Acresce que o génio desagrupado tende a achar que, desde que tecnicamente
correcta, é indiferente a linha de baixo, a malha de guitarra, a agitadela da
pandeireta que passam a acompanhar a sua música. Na sua arrogância recém
adquirida (ou exacerbada), julgam auto-suficiente a canção que compõem. E por
isso gravam discos sem personalidade, ou com a personalidade de um grupo de swing (um grupo de adeptos da troca de
pares sexuais, excitante, mas inconsequente). Pressente-se ali o talento
melodioso do compositor, a voz distinta, a interpretação temperamental — mas como
ecos do passado. The Pros and Cons of
Hitch Hiking podia ser um bom álbum, mas sem os Pink Floyd é um fraco sucedâneo
de The Wall. (Pelo seu lado, A Momentary Lapse of Reason por não ter Roger
Waters tem muita dificuldade em parecer música.)

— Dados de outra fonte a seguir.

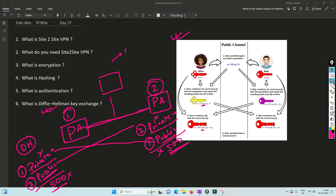In the next session, we are going to understand how all of this — encryption, hashing, authentication, and Diffie-Hellman — comes together and how things work in site-to-site VPN. We will explore through Wireshark captures to understand how things work. Thank you so much for watching till the end. If you have any suggestions you can comment below or reach out via email, Instagram, or Facebook Messenger. I'll see you in the next video — thank you!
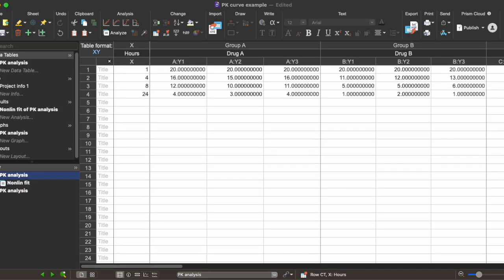Here we're assuming that the two drugs were injected at the same dose such that the bioavailability of each drug is supposedly about 100% at hour one. So just hypothetically, we have a value of 20 for our drug concentration in all of our replicates.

Quando se esteve num grupo, não se devia pretender a arrogância de uma carreira
a solo. Quem quer uma carreira a solo chama a si próprio desde o início David
Bowie e calça-lhe os sapatos de plataforma.
Fica aqui o meu elogio aos grupos — e a minha frustração por, enquanto ex-baixista,
não ter um grupo a quem pedir indemnização.